RIYADH: Kuwait is planning to introduce legislation to regulate the issuance of sukuk, or Islamic bonds, both domestically and internationally, as part of efforts to support more sustainable financing for the oil-rich Gulf nation, Prime Minister Sheikh Ahmad Abdullah Al-Ahmad Al-Sabah said on Wednesday.

Speaking at the World Governments Summit in Dubai, Al-Sabah highlighted that Kuwait is exploring a variety of debt instruments to diversify its economy. The country has been implementing fiscal reforms aimed at stimulating growth and controlling its budget deficit amid persistently low oil prices. Hydrocarbons continue to dominate Kuwait’s revenue stream, accounting for nearly 90 percent of government income in 2024.

The Gulf Cooperation Council’s debt capital market is projected to exceed $1.25 trillion by 2026, driven by project funding and government initiatives, representing a 13.6 percent expansion, according to Fitch Ratings.

The region is expected to remain one of the largest sources of US dollar-denominated debt and sukuk issuance among emerging markets.

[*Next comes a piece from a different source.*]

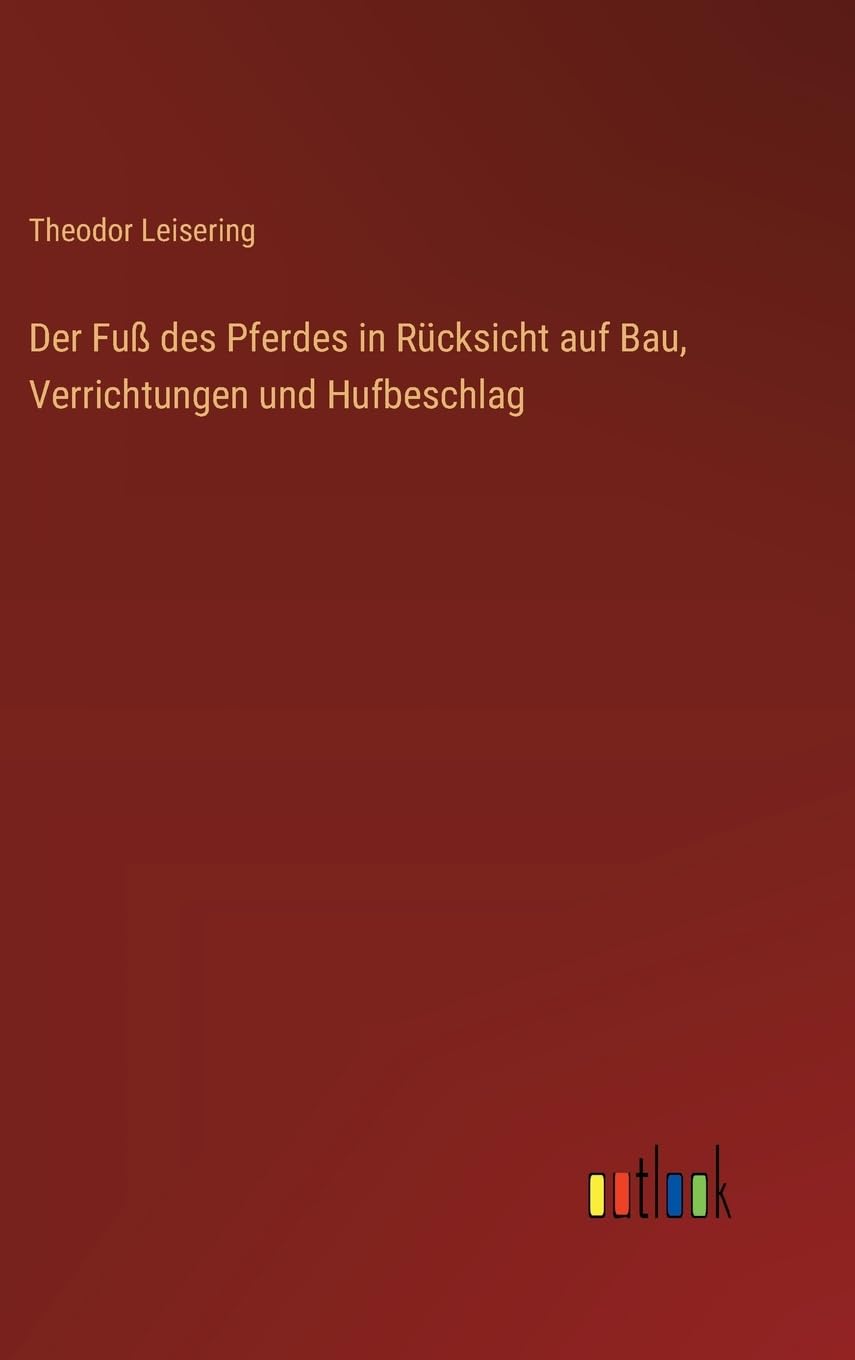 Der Fuß des Pferdes in Rücksicht auf Bau, Verrichtungen und Hufbeschlag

Fitch also noted that cross-sector economic diversification, refinancing needs, and deficit funding are key factors behind this growth.

“We are about to approve the first legislation regulating issuance of government sukuk locally and internationally, in accordance with Islamic laws,” Al-Sabah said.

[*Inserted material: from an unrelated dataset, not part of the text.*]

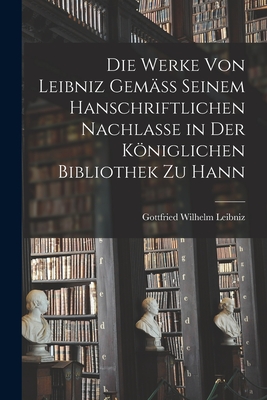 Die Werke von Leibniz Gemäss Seinem Hanschriftlichen Nachlasse in der Königlichen Bibliothek zu Hann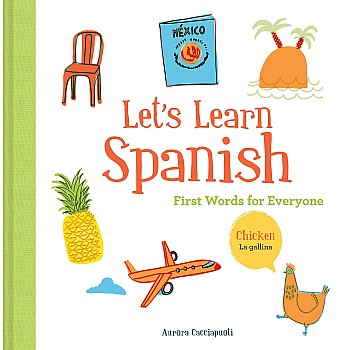 Let's Learn Spanish: First Words for Everyone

“This enables us to deal with financial challenges flexibly and responsibly, and to plan for medium and long-term finances.”

Kuwait returned to global debt markets last year with strong results, raising $11.25 billion through a three-part bond sale — the country’s first US dollar issuance since 2017 — drawing substantial investor demand. In March, a new public debt law raised the borrowing ceiling to 30 billion dinars ($98 billion) from 10 billion dinars, enabling longer-term borrowing.

The Gulf’s debt capital markets, which totaled $1.1 trillion at the end of the third quarter of 2025, have evolved from primarily sovereign funding tools into increasingly sophisticated instruments serving governments, banks, and corporates alike. As diversification efforts accelerate and refinancing cycles intensify, regional issuers have become regular participants in global debt markets, reinforcing the GCC’s role in emerging-market capital flows.

In 2025, GCC countries accounted for 35 percent of all emerging-market US dollar debt issuance, excluding China, with growth in US dollar sukuk issuance notably outpacing conventional bonds. The region’s total outstanding debt capital markets grew more than 14 percent year on year, reaching $1.1 trillion.